--- PROBLEM TO SOLVE ---
Scan the listing below for the word "Natural", then copy each line that has it.

Content starts

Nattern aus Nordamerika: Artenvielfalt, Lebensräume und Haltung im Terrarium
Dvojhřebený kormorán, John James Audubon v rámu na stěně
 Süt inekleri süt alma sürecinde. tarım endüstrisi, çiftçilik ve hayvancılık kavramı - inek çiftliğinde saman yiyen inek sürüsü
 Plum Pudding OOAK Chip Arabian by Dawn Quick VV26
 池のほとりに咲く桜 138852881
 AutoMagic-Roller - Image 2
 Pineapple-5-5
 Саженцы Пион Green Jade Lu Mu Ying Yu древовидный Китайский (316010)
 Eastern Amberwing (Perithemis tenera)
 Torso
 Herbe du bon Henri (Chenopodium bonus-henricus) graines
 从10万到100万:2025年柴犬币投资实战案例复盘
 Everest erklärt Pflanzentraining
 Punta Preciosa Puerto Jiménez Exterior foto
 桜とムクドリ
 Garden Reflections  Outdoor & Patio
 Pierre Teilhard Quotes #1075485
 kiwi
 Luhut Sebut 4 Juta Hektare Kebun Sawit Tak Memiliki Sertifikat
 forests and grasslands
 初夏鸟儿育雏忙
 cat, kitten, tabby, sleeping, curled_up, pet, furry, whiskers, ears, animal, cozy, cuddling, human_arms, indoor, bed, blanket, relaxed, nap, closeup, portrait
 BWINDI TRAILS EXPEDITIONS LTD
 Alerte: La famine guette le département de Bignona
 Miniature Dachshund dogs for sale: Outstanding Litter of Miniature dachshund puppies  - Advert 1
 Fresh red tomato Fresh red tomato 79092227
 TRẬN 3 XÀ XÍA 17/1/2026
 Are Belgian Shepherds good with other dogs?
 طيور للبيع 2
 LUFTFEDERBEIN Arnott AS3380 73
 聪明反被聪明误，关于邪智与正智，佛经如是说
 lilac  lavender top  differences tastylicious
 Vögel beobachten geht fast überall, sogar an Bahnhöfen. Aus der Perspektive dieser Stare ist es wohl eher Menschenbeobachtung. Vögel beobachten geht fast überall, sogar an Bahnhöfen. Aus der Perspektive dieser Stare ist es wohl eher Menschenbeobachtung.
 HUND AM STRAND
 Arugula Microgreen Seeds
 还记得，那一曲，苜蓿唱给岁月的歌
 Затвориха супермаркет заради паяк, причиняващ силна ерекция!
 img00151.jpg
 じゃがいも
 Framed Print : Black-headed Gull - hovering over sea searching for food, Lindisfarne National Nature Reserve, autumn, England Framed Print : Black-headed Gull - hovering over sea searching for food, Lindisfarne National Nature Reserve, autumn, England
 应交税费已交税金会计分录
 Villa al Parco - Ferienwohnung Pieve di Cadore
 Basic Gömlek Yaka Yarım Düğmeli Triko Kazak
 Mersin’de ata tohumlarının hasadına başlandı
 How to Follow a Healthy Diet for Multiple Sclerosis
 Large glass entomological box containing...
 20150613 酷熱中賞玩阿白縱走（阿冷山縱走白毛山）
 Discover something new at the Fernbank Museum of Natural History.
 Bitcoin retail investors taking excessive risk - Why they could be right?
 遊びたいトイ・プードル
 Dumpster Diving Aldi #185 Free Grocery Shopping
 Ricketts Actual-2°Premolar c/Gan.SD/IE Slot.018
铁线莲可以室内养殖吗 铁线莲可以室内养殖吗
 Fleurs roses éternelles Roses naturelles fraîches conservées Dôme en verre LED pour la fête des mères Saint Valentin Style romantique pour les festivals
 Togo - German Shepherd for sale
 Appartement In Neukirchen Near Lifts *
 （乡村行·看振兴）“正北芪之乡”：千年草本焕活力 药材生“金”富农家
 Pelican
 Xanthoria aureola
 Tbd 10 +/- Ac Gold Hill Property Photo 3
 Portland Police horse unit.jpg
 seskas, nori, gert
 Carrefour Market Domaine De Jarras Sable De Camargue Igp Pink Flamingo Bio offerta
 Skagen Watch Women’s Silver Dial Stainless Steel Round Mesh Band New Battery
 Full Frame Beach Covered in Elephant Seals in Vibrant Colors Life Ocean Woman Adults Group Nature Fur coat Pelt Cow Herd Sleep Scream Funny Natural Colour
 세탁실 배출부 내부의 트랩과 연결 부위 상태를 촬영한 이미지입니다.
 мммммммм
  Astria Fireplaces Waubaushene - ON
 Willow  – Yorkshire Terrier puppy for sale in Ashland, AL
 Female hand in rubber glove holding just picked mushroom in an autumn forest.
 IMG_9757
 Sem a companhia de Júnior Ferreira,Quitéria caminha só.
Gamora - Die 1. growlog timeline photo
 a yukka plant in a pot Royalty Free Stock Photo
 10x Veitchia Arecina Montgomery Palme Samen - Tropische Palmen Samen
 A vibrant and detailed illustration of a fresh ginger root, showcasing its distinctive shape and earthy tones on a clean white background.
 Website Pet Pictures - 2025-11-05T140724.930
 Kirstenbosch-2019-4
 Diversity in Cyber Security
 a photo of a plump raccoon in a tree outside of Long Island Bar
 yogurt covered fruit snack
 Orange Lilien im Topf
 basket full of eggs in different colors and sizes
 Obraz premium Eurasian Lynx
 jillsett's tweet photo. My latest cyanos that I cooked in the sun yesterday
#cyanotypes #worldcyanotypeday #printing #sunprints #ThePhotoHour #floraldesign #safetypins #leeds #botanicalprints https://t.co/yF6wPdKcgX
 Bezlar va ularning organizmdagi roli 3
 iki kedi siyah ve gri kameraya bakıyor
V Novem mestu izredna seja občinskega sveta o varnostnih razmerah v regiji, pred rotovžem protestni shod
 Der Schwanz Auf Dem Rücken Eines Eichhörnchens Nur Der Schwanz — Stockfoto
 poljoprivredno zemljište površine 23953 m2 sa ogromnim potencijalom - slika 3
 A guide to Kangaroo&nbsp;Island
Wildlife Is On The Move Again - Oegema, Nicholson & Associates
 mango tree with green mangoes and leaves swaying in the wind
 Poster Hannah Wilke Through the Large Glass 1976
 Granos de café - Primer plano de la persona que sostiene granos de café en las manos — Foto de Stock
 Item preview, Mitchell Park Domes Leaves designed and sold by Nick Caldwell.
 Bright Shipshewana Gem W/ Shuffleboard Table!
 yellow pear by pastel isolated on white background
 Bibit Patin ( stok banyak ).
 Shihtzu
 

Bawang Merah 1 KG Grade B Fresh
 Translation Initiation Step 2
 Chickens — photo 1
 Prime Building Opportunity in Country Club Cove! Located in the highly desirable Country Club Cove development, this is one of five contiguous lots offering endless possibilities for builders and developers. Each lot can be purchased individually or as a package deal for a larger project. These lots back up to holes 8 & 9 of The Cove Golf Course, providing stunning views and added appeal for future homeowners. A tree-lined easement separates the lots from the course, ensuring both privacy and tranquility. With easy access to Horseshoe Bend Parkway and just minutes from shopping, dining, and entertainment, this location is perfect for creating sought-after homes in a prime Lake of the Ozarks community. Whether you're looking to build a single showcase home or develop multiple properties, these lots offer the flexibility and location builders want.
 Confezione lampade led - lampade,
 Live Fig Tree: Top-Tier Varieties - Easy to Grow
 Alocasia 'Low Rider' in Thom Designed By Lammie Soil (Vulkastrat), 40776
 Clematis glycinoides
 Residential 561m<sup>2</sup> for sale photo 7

Content ends

--- ANSWER TO THIS EXERCISE ---
 Discover something new at the Fernbank Museum of Natural History.
 Full Frame Beach Covered in Elephant Seals in Vibrant Colors Life Ocean Woman Adults Group Nature Fur coat Pelt Cow Herd Sleep Scream Funny Natural Colour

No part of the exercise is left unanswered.